韓国やアメリカで起きている「フェミサイド」が日本でも広まりつつあるようにしか見えないが、マスコミや専門家は、何か都合が悪いことでもあるのか、「レッテル貼りはよくない」「無差別殺人者の心の闇に注目すべき」とかワケのわからない論法を持ち出して、まるで日本には「フェミニズム憎悪」は存在しないかのように必死に取りつくろっている。

しかし、ネットやSNSを見てみるといい。この加害男性のように、女性に憎悪を抱き、フェミニストを罵り、社会を悪くする犯人だと断罪している男は山ほどいる。

冒頭で紹介した電通の調査を「世代間の意識のズレですな」なんて呑気な話で片付けているうちに、静かにアメリカや韓国のような過激な反フェミニスト運動が広がっているのだ。
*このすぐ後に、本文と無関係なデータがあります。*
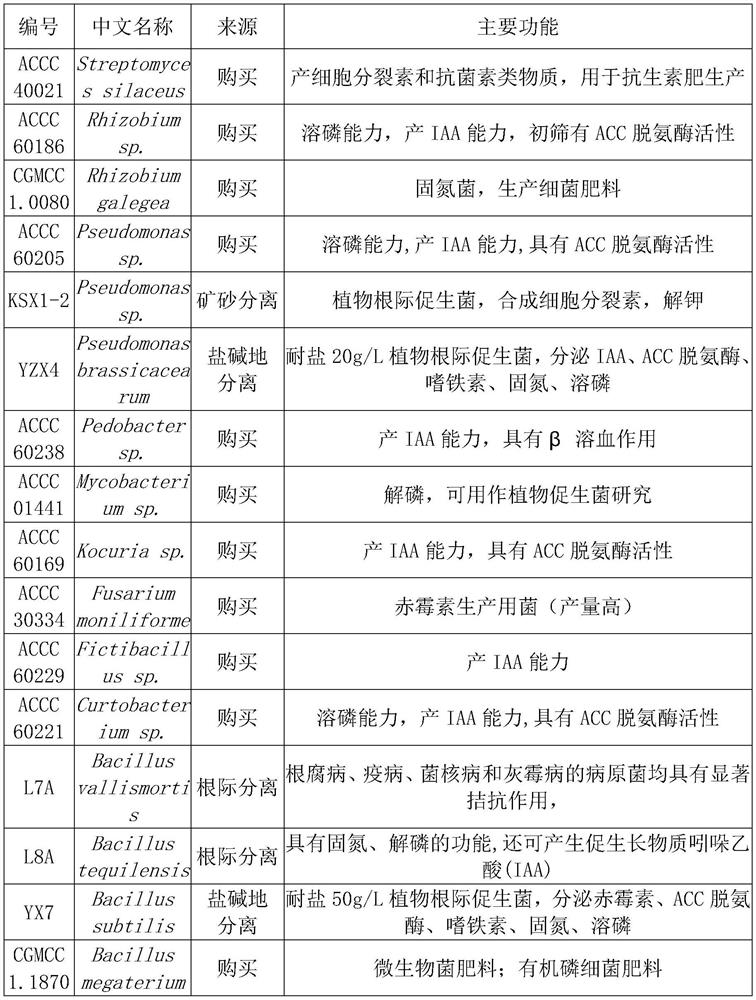 A germination-promoting bacteria composition and its application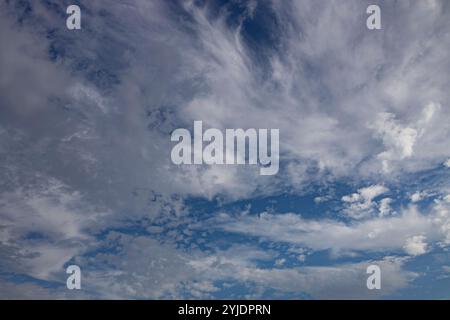 Verschiedene Wolkenphasen mit Kanon R und Kanon rf 35mm 1,8 stm Makro auf der Insel Kos in griechenland im Garten des Hippokratischen Instituts aufgenommen. Stockfoto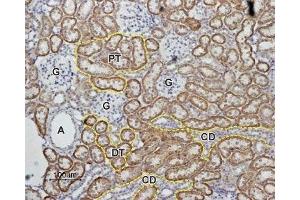 Expression of Angiotensin-(1-7) Mas Receptor in rat kidneyImmunohistochemical staining of rat kidney paraffin embedded sections using Anti-Angiotensin-(1-7) Mas Receptor Antibody (ABIN7042920, ABIN7043904 and ABIN7043905), (1:100). (Angiotensin (1-7) Mas Receptor Peptid)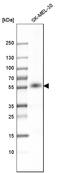 Purinergic Receptor P2X 4 antibody, HPA039494, Atlas Antibodies, Western Blot image 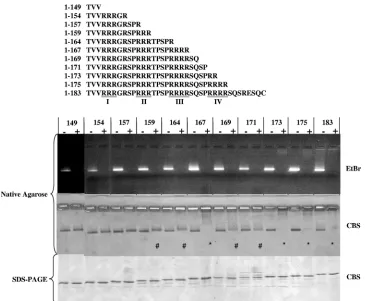 FIG. 1. Effects of micrococcal nuclease treatment on HBV nucleocapsids with serially truncated C termini of core proteins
暴力やヘイトは水と同じで、高いところから低いところへ流れる。つまり、弱い立場の人が狙われる。日本は多くの国で憎悪や排斥の対象となる移民がいないため、若い男たちの怒りや不満は、もっぱら中国人や韓国人に向けられてきた。が、今のまま低賃金が続くようなら、新たな「サンドバッグ」も必要になる。

韓国のように、若い男たちが「フェミニストは死ね!」と叫びだす日も、そう遠くないかもしれない。